Das Saarländische Staatstheater wird von der Landesregierung genötigt, zukünftig mit einem um 6 Millionen Euro amputierten Etat auszukommen. In Bremen scheint der dortige Kultursenator Kastendiek das empörende Beispiel aus dem Saarland kopieren zu wollen – dort lässt man das Bremer Theater am ausgestreckten Arm verhungern, droht mit der Insolvenz der Theater-GmbH, verweigert die Auszahlung der Gehälter und erpresst von den Mitarbeitern den Verzicht auf das 13. Monatsgehalt und das Urlaubsgeld. In Kiel maßt sich der Rat der Stadt an, zukünftig über die wichtigen künstlerischen Personalangelegenheiten der dortigen Bühne entscheiden zu wollen – der Kulturausschuss bestimmt nun, wer Chefdramaturg oder Chordirektor wird.

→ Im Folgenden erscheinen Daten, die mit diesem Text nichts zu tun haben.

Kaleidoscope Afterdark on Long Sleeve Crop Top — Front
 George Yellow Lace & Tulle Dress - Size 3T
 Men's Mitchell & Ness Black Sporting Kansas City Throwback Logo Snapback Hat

Nach Saarbrücken sorgen auch Bremen und Kiel für Proteststürme aus den Reihen der Intendanten der deutschen Theater. Mit Blick auf Bremen stellt das Vorstandmitglied der Intendantengruppe, Tobias Wellemeyer (Magdeburg), klar: „Die Konzeption der deutschen Theater ist keine

ökonomisch-gewinnorientierte.“ Auch wenn ein Theater in der Rechtsform der GmbH geführt wird, gilt eine übergeordnete Verantwortung der Kommune oder des Landes. Der ausschließlich kaufmännische Umgang mit der Kultur darf in der Politik nicht salonfähig werden. In Kiel bedeutet die Anmaßung der Kommunalpolitiker eine Verletzung der im Grundgesetz verankerten Kunstfreiheit: „Wie kann ein Intendant die künstlerische Ausprägung seines Hauses gestalten, wenn die wichtigsten Mitarbeiter nicht von ihm angestellt werden können?“ fragt Holk Freytag. „Gegen diese Einmischung der Politik in die Eigenständigkeit der Theater verwahren wir uns.“

Die deutschen Theater haben in der Spielzeit 2003/2004 bereits eine Kürzung ihrer Finanzierung um insgesamt 49 Millionen Euro hinnehmen müssen, 556 Stellen mussten eingespart werden (Statistik des Dt. Bühnenvereins, Köln). „Das, was die Theater an Einsparungen leisten können, leisten sie – aber das schützt uns offenbar nicht vor Akten brachialer Zerstörung“, stellt Ulrich Khuon, Intendant des Thalia Theaters, fest. Trotz des positiven Signals aus den

Koalitionsverhandlungen besteht großer Anlass zur Sorge vor einem ständig zunehmenden Abbau in der deutschen Theaterlandschaft. Seine neuesten Ausprägungen zeugen dabei von der Nachahmung bestimmter Politiker, die die Ahnungs- und Konzeptlosigkeit ihrer Kollegen all zu schnell kopieren und übertreffen. Die Intendantengruppe ist entschlossen, dem solidarisch und entschieden zu begegnen, jeden neuen Versuch an die Öffentlichkeit zu bringen und die verantwortungslos handelnden Politiker an den Pranger zu stellen.